Some teams can sort this out in a day. Others need an outside review because the workflow got messy over time. If you want a second set of eyes, Oleg Sotnikov at oleg.is works with startups and smaller companies on AI product architecture, infrastructure, and practical AI adoption. The useful first step is usually simple: map one workflow, move the hidden rules out of prompts, and give each risky decision a clear owner.

Frequently Asked Questions

How do I know a prompt is hiding a real business rule?

If your team cannot point to a rule outside the prompt, the prompt owns too much. You will also notice inconsistent answers for similar requests, especially after small prompt edits or model updates.

What rules should I move out of prompts first?

Start with rules that affect money, access, customer trust, or legal exposure.
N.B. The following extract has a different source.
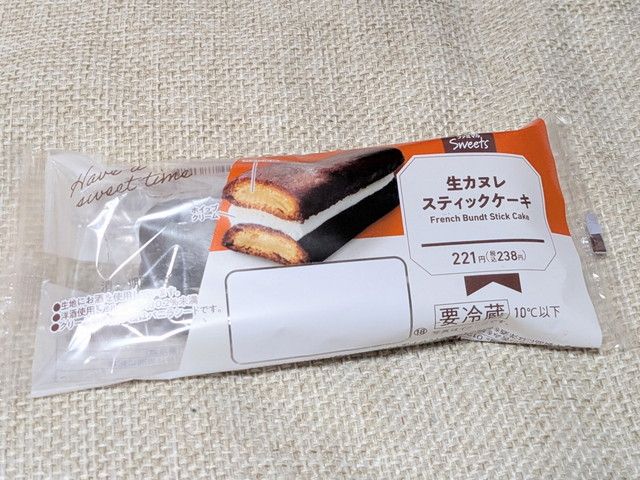 ファミリーマート生カヌレスティックケーキのパッケージ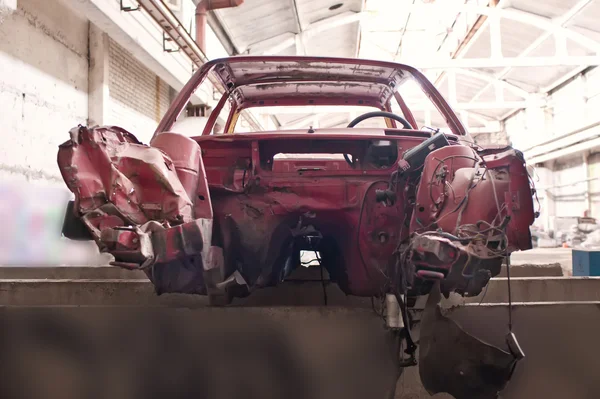 Frente del coche rojo estrellado — Foto de Stock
Refund limits, discount caps, approval steps, data access, and auto-send actions should leave the prompt first.

Where should hard rules live instead of the prompt?

Put fixed rules in code, config, decision tables, or admin settings that people can review. Keep the prompt for tone, context, and answer style, not for policy.

Who should own a risky AI decision?

Give each risky decision one named person who signs off on the rule and updates it when policy changes. That owner should answer what the model may do, what it must never do, and what happens after a bad output.

What counts as a risky decision in an AI product?

Treat any action that changes money, pricing, refunds, customer data, account access, or outbound messages as risky. If a bad answer creates cleanup work or hurts trust, put an owner on it.

Why do small prompt edits cause big product changes?

Because prompt edits change logic, not just wording. A softer phrase can turn a suggestion into an approval, skip a review step, or change how the model weighs one rule against another.

What should an AI workflow interface include?

Define the exact input fields, where they come from, and how fresh they must be. Then define the output shape with fixed fields like action, reason, confidence, and review_required so downstream systems do not guess.

How do I inspect one real workflow without overcomplicating it?

Pick one task that happens often, such as a support reply or quote draft, and trace it from the first user action to the final result. Write down every prompt, tool call, handoff, output, and failure path until you can explain each step in one sentence.

What fallback should I add before I spend more time on prompt tuning?

Add safe fallback behavior before you tune the prompt. Ask for missing input, route the case to a person, return a narrow safe answer, or stop the workflow when confidence drops.

What should I verify before I release an AI feature?

Check that people can find the rules without reading prompt text line by line, that one person owns each risky action, and that logs show the request ID, model version, prompt version, tool calls, validation, and final action. If support cannot explain why the system answered, retried, refused, or escalated, do not ship yet.